Brussels-London XXV

The geometry of phase transistions

Université Libre de Bruxelles, 30th January 2026

The event will take place in the Mathematics Department of Université Libre de Bruxelles. The talks will be held in the Salle Solvay, on floor 5 of building NO, Campus de la Plaine. Click here for a map of the campus as well as local travel instructions.

Most international visitors will arrive at Gare du Midi (where the Eurostar and Thalys terminals are). From here the easiest route to the ULB is by metro. Take line 2 or 6 in the direction "Elisabeth", and change at "Arts-Loi" for line 5, direction "Hermann Debroux", which will stop at "Delta". The journey should take approximately 30 minutes.

The event will begin with lunch from 12pm. Lunch is free for all registered attendees. It will take place in the Maison des Anciens, which is on Campus de la Plaine, a short walk from where the talks will take place. The restaurant is above the Forum, marked as "UAE" on the map linked to above. Note you have to walk up steps outside to get on to the top level of the Forum where the restaurant is.

The talks will be held in the Salle Solvay, 5th floor of building NO, are at 13.30, 14.50 and 16.10, with coffee breaks in between.

To attend this event, you must register in advance.

Joaquim Serra. Recent Progress on Stable Solutions of the Allen–Cahn Equation.

I will present recent results and open problems concerning stable solutions of the Allen–Cahn equation and its free boundary version. In particular, I will discuss the long-standing problem of classifying stable solutions to the Allen–Cahn equation, both with and without area bounds, in low dimensions, and the consequences of these classifications. I will outline the classical results and highlight more recent developments, emphasizing the main difficulties in the problem and some of the key ideas underlying the proofs of our recent results. The talk is based on two papers: one joint with Chan, Figalli, and Fernández-Real, and another joint with Florit-Simon.

Sylvia Serfaty. Vortex points and vortex lines in the Ginzburg-Landau model.

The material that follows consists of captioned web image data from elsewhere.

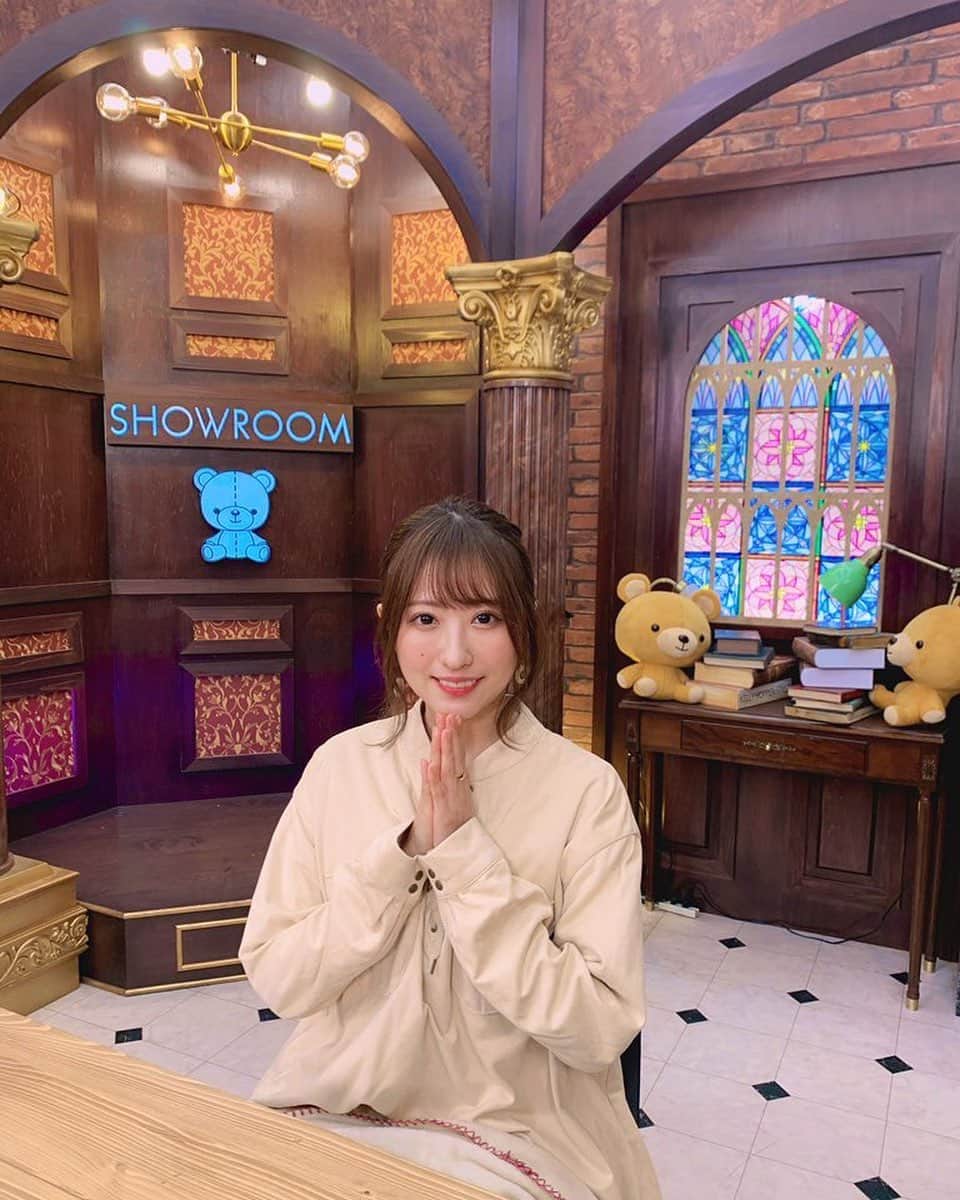 小桃音まいのインスタグラム：「🐾. . 年末にイベントをさせて頂くことになりました❤︎. . チケットの先行発売は明日までです. よろしくお願い致します☺️💓. . . 小桃音まいPremium Event 2020. . □2020年12月27日（日）. 18:30開場/19:00開演. . □赤羽ReNY alpha. . 🎟2000円　※最前有　. 🎥有料配信有. tiget.net/events/111491 . . ※先行前売券販売期間：～11月20日（金）24:00 ※抽選. . ※一般発売 11月21日（土）10:00. .」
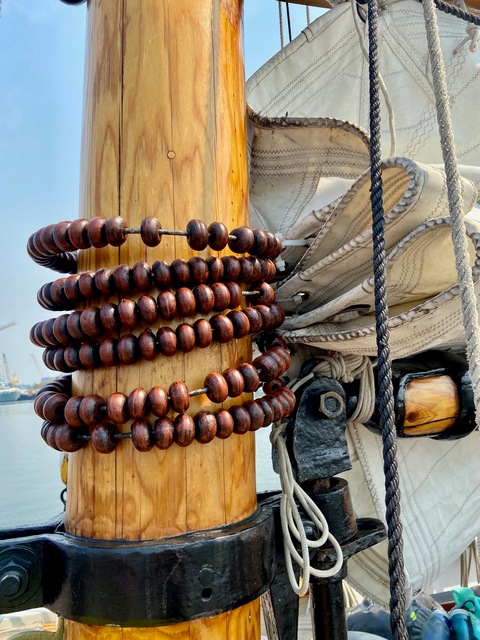 Sail on the mast with wooden beads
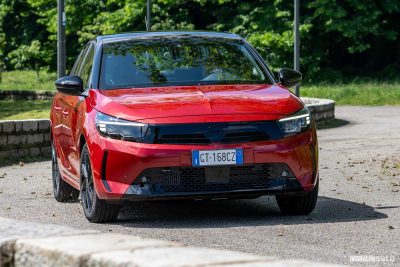 Opel Corsa Hybrid su strada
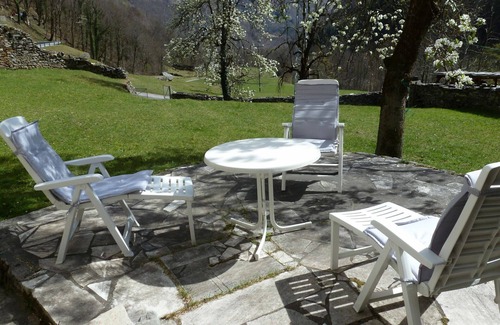 Lavizzara House | Wonderful private villa for 6 people with WIFI, TV, patio, pets allowed, panoramic view and park.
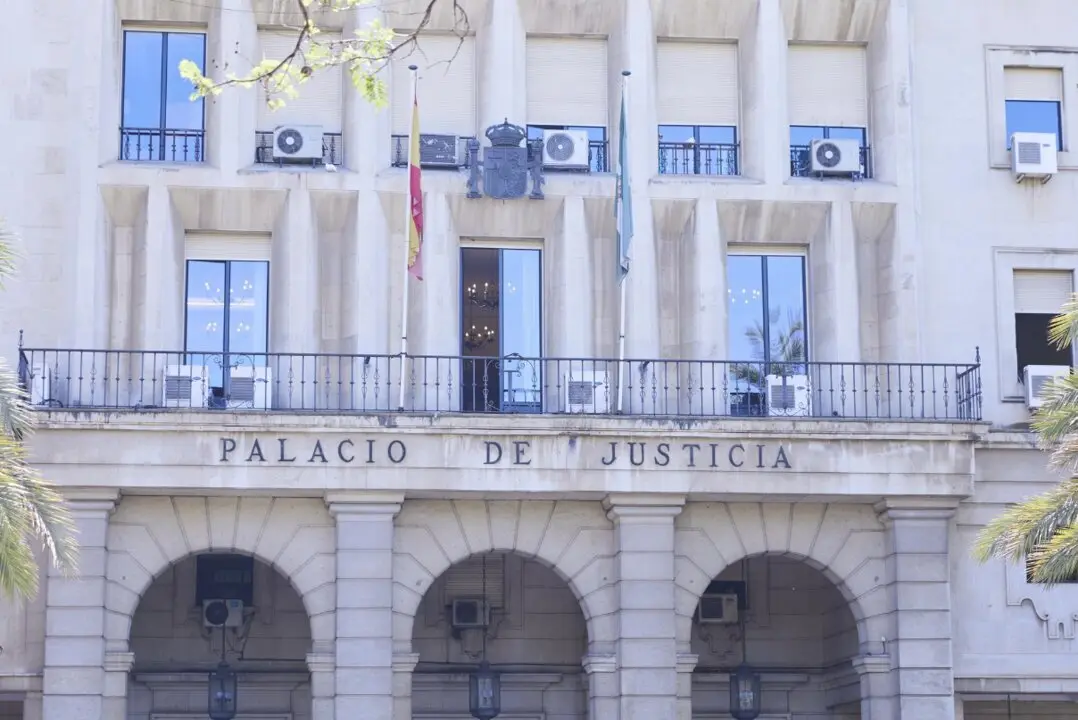  Archivo - Detalle de la fachada principal de la Audiencia Provincial de Sevilla<br>- Joaquin Corchero - Europa Press - Archivo 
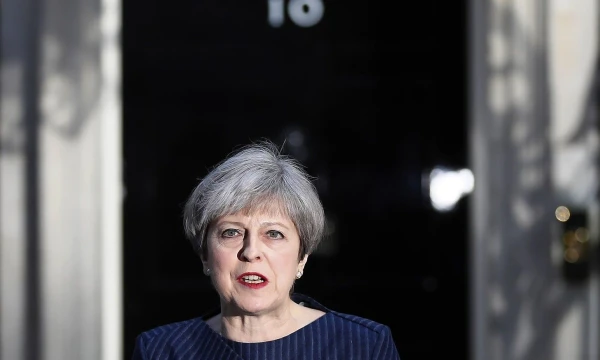 Theresa May, Jungtinės Karalystės premjerė, praneša apie sprendimą skelbti išankstinius rinkimus. Stefano Wermutho („Reuters“ / „Scanpix“) nuotr.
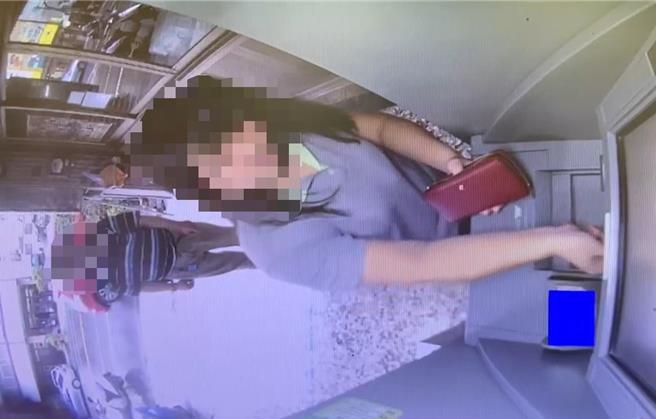 粗心女子在郵局提款2萬元忘了取走就離開，後方的楊男目睹一切。（民眾提供／寶智華台南傳真）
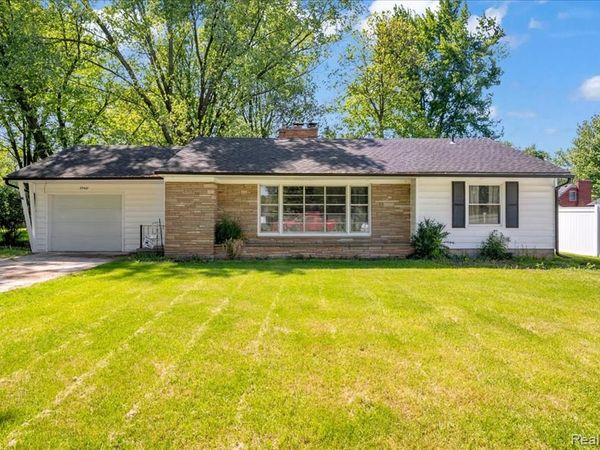39401 Long Street , Harrison Twp, MI 48045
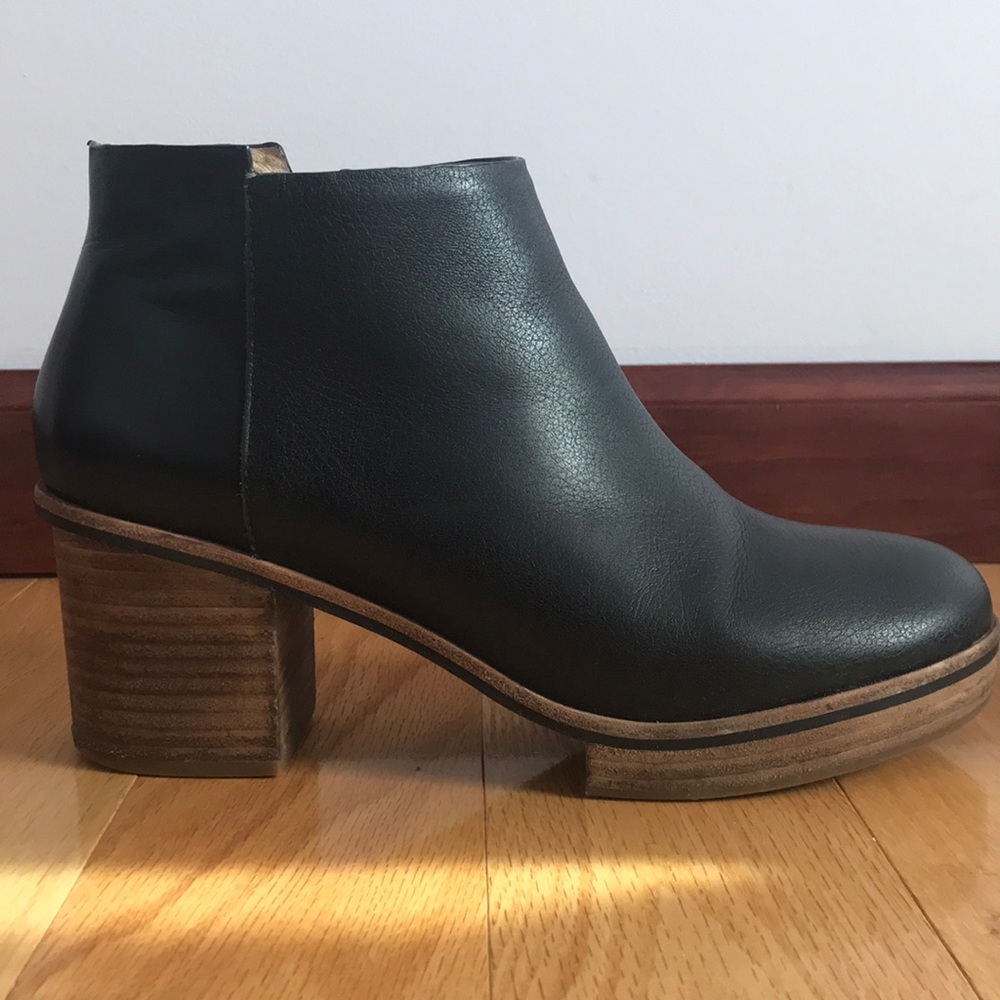 Bul black leather bootie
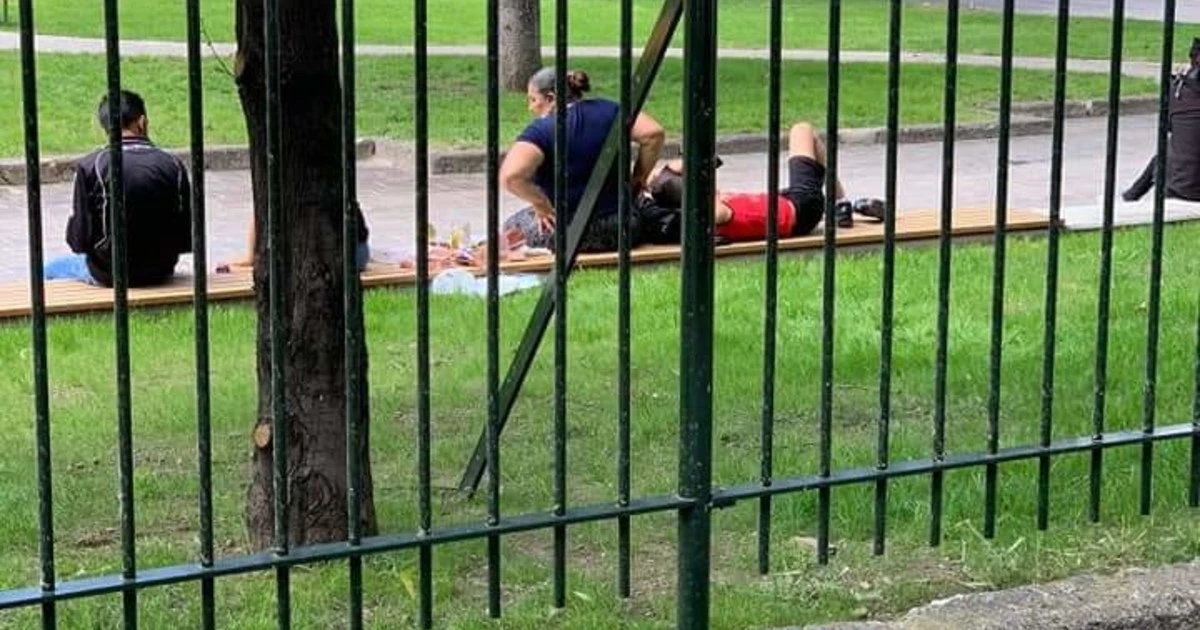 Milano, Beppe Sala inaugura un parco per i bambini: dopo tre ore è occupato dai rom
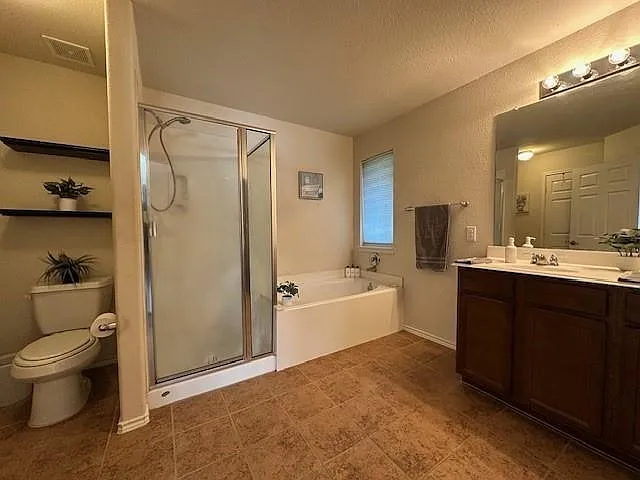 10426 Whisper Bluff Dr — Photo 11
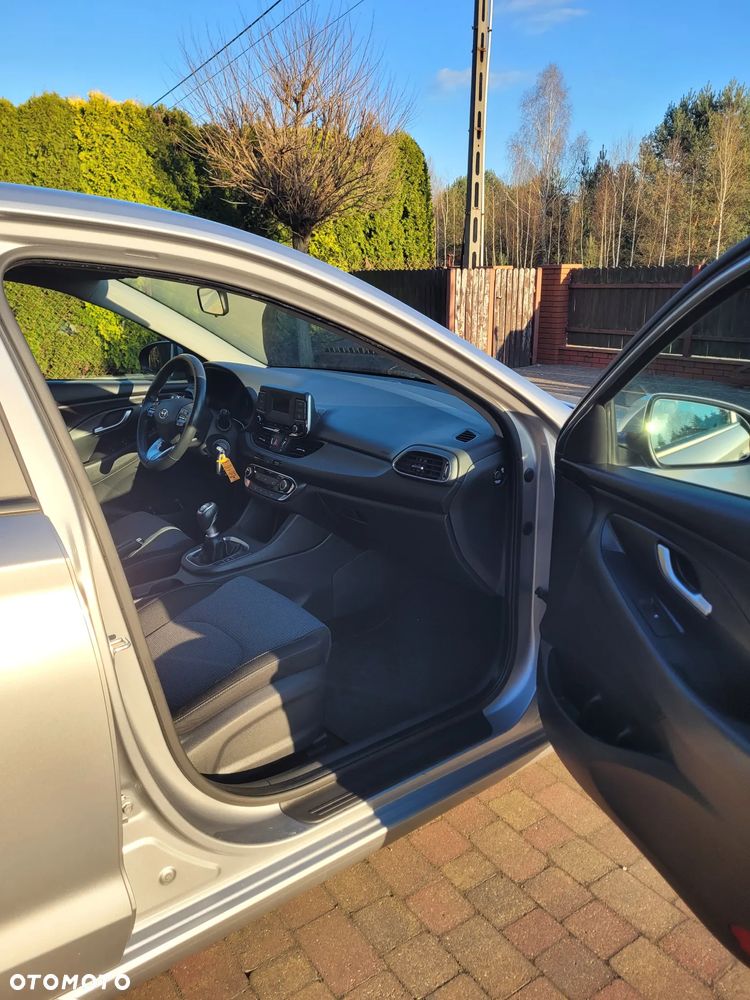 Hyundai i30 1.5 DPI Modern - 21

I will review work with Etienne Sandier and more recent joint work with Carlos Román and Etienne Sandier, where we study the onset of vortices in the two and three-dimensional Ginzburg-Landau model of superconductivity. We discuss the critical field at which the first vortices appear, the optimal number of lines, and Gamma-limit problems for their effective interaction and arrangement.

Etienne Sandier. Minimizing entire solutions to vector Allen-Cahn equations in R^2.

I will report on a joint work with Peter Sternberg and recent joint work with Lia Bronsard and Peter Sternberg, where we try to describe minimizing entire solutions to the vector Allen-Cahn equation with three wells in two space dimensions. It is known that the Gamma-limit by blow-down of this problem is a minimal partition problem with weights for which minimal cones are easily described. We will see that, depending on the weights, each minimal cone may, or may not, correspond to a minimizing entire solution.